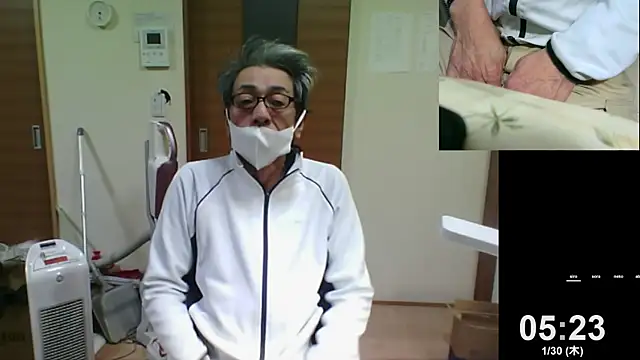 Snapshot of mama010-chan chatting on 01-29-25, 08:25 mama010-chan online show from 01-29-25, 08:25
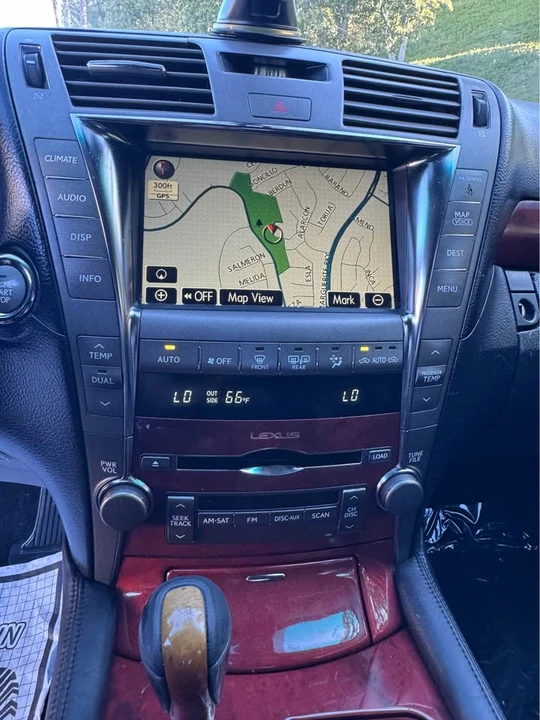 2008 Lexus LS 4th Gen - Image 10 of 20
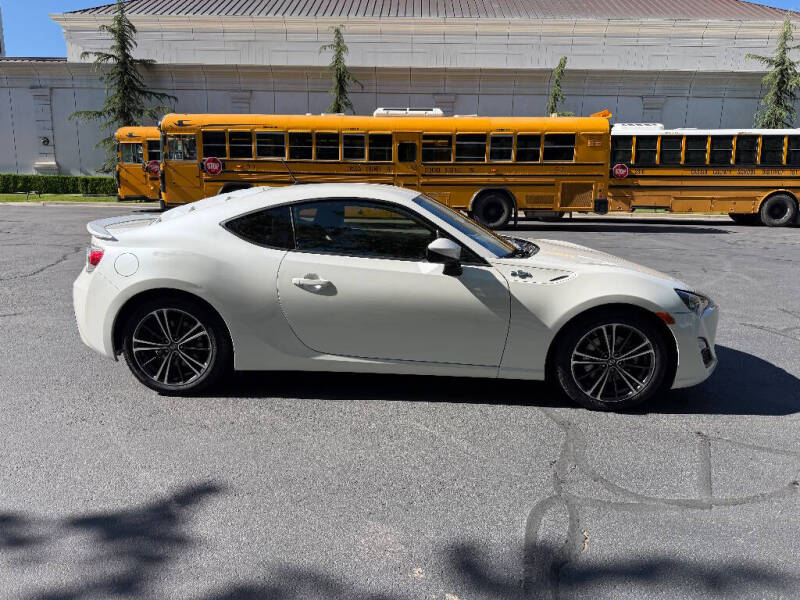 2013 Scion FR-S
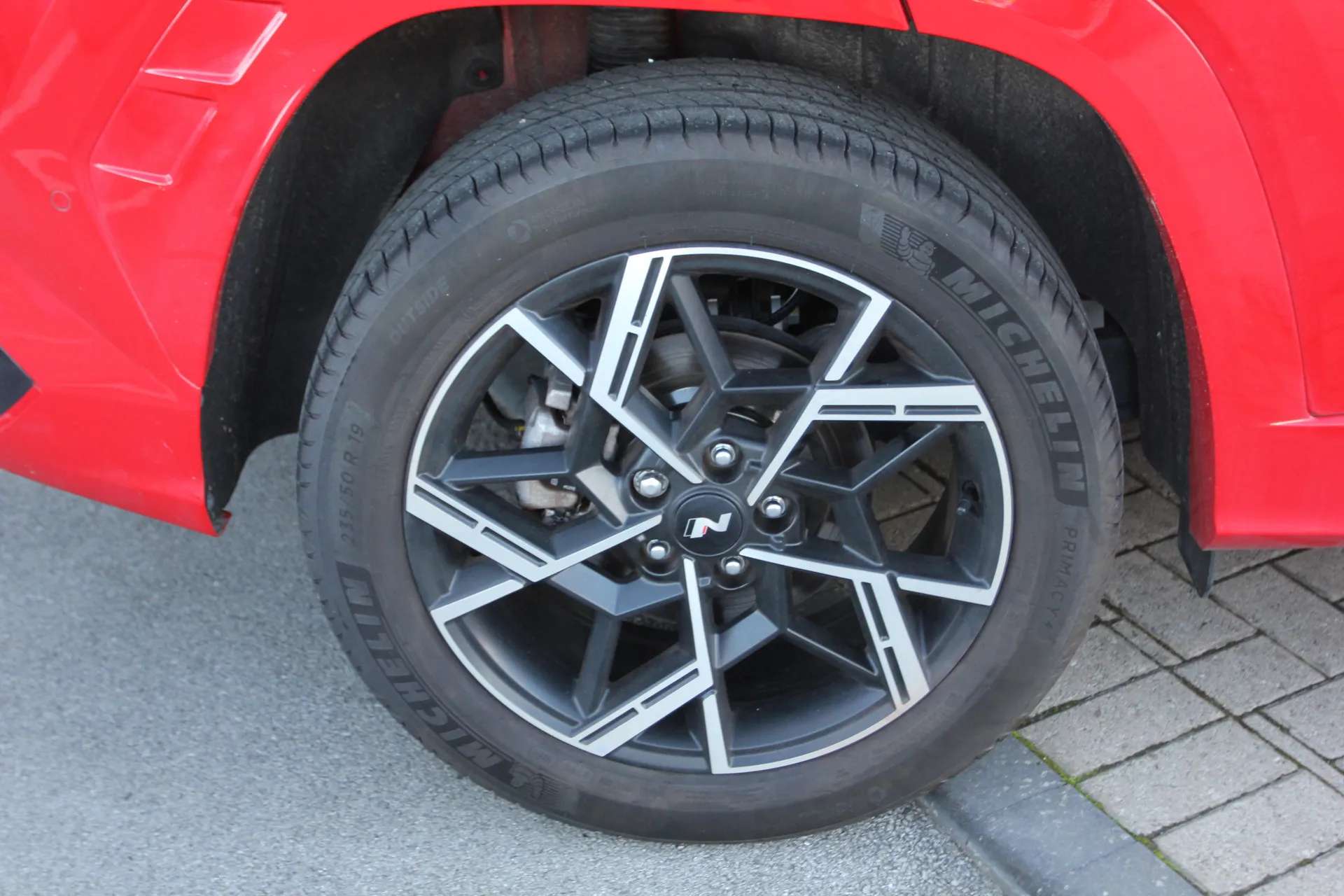 A 2024 HYUNDAI TUCSON 1.6T Hybrid N Line S 5dr Auto A 2024 HYUNDAI TUCSON 1.6T Hybrid N Line S 5dr Auto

**Your objective**
Omit the pictures and print the listing exactly.

**Solution for this exercise**
 Snapshot of mama010-chan chatting on 01-29-25, 08:25 mama010-chan online show from 01-29-25, 08:25
 2008 Lexus LS 4th Gen - Image 10 of 20
 2013 Scion FR-S
 A 2024 HYUNDAI TUCSON 1.6T Hybrid N Line S 5dr Auto A 2024 HYUNDAI TUCSON 1.6T Hybrid N Line S 5dr Auto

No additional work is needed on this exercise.